A privilégier la notion de peuple religieux attaché à la pratique rigoureuse de commandements et de rituels, on oublierait la Haskala, les Lumières juives, le rôle important joué par des juifs universalistes dégagés de la religion dans l’intelligentsia viennoise fin XIXe, dans le mouvement socialiste, le bund, la révolution bolchévique - avant d’être les victimes des purges staliniennes dans les années 1930 - et nombre de pionniers d’Israël dont les convictions socialistes s’incarnèrent dans le mouvement kibboutzim aujourd’hui quasiment disparu.

Peuple ? Foi ? Culture de la résistance et de la survivance forgée au fil des siècles, qui faisait dire au Général de Gaulle que les juifs étaient "un peuple fier et dominateur" ? Culture de la critique, de l’esprit critique et du doute, de la contestation comme l’écrivait Sigmund Freud, cité par l’auteur : "Parce que j’étais juif, je me suis senti libéré de bien des préjugés qui limitent chez les autres l’emploi de leur intelligence ; en tant que juif, j’étais prêt à passer dans l’opposition et à renoncer à m’entendre avec la majorité compacte."

Jérôme Segal rappelle l’importance donnée à l’instruction des enfants dans beaucoup de familles juives, qui favorisa une ascension sociale et culturelle particulièrement rapide dans l’empire austro-hongrois. Ainsi, en 1936 à Vienne, les juifs ne représentaient que 9 % de la population mais 85 % des avocats, 52 % des médecins, une proportion importante des scientifiques, des chercheurs, des journalistes, des comédiens, des musiciens, des métiers du commerce, et de la finance. Une réussite qui servit de prétexte à l’explosion d’un antisémitisme social, à coté d’un antisémitisme religieux et raciste plus ancien.

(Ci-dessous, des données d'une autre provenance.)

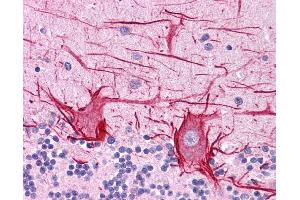 ApoB antibody was used for immunohistochemistry at a concentration of 4-8 ug/ml. (APOB anticorps  (Middle Region))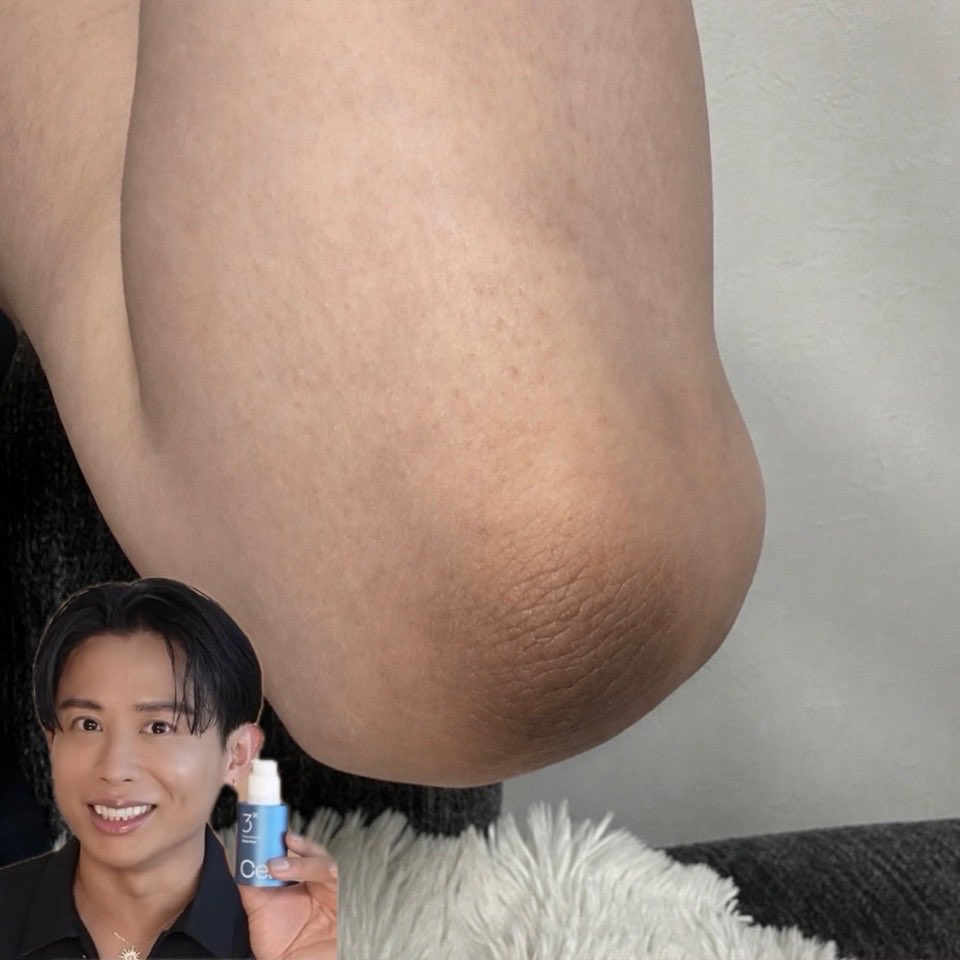 l1jqea's tweet photo. 【小田切】肘ピンクになれたありがとう。 https://t.co/L1tvVv4ea5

Au cours des siècles, "la religion a servi dans bien des cas à maintenir l’identité juive", écrit Jérôme Segal. En est-elle le contenu ou le contenant ? Pour les générations de l’après-guerre, en particulier celles qui ont rompu avec la tradition religieuse, l’extermination des Juifs était devenue le pivot central de cette identité. Après la détention en Egypte, la déportation à Babylone, les expulsions massives, les pogroms, la Shoah a alimenté une psychologie collective, une forme de "traumatisme héréditaire" qui forge une imprescriptible complicité affective ? Henri Meschonnic, traducteur de la Bible, parle d’un "culte qui s’est mis à dévorer ce qui reste de vivant chez les survivants".

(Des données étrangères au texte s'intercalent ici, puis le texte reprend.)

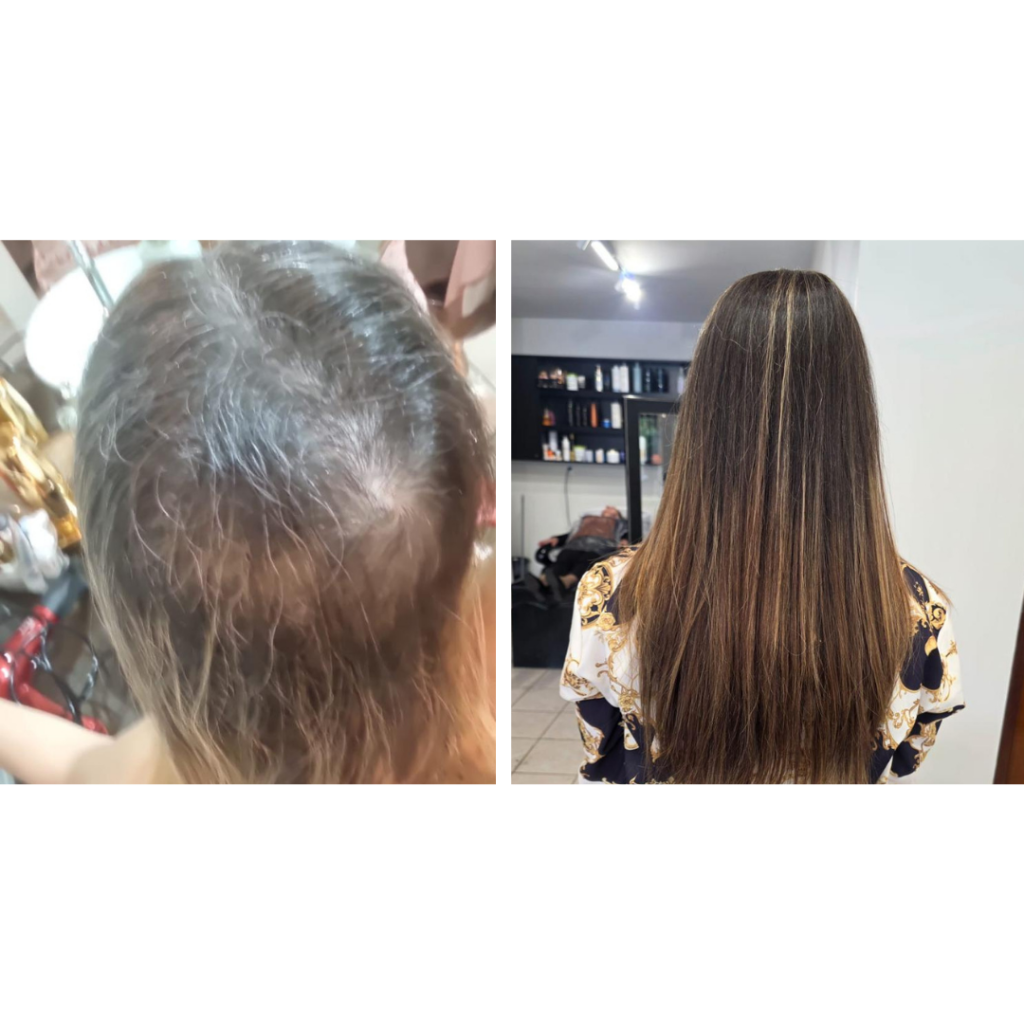 Antes e Depois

L’Histoire a forgé cette culture que tant d’auteurs se sont essayés à cerner. Bruno Bauer et Karl Marx, pour qui l’abandon de la religion était une condition de l’émancipation des juifs. Mais aussi, dans des registres différents, Jean-Paul Sartre, Gershom Sholem, Hannah Arendt... sans pour autant résoudre définitivement la "question juive". "La conscience juive s’est bien détachée de la religion et on comprend aisément qu’il n’y ait plus de paradoxe aujourd’hui à se définir comme juif et athée", en conclut Jérôme Segal.

Pour autant, la vigilance demeure face au retour en force auprès de nouvelles générations d’un esprit et de pratiques communautaristes qui menacent jusqu’à la démocratie israélienne. Dès lors, il n’est pas inutile de rappeler l’invitation du comte de Clermont-Tonnerre : "Il faut tout refuser aux juifs comme nation et tout accorder aux juifs comme individus. Il faut qu’ils ne fassent dans l’Etat ni un corps politique, ni un ordre." Le judaïsme français l’avait intégré, qui jamais ne sollicita de modifications de la loi républicaine et consacre une prière spécifique à la République.

Le livre de Jérôme Segal, dont on ne partagera pas nécessairement toutes les prises de position, formule de bonnes questions et de salutaires rappels en cette période où la pression des communautarismes menace l’universalisme des principes républicain.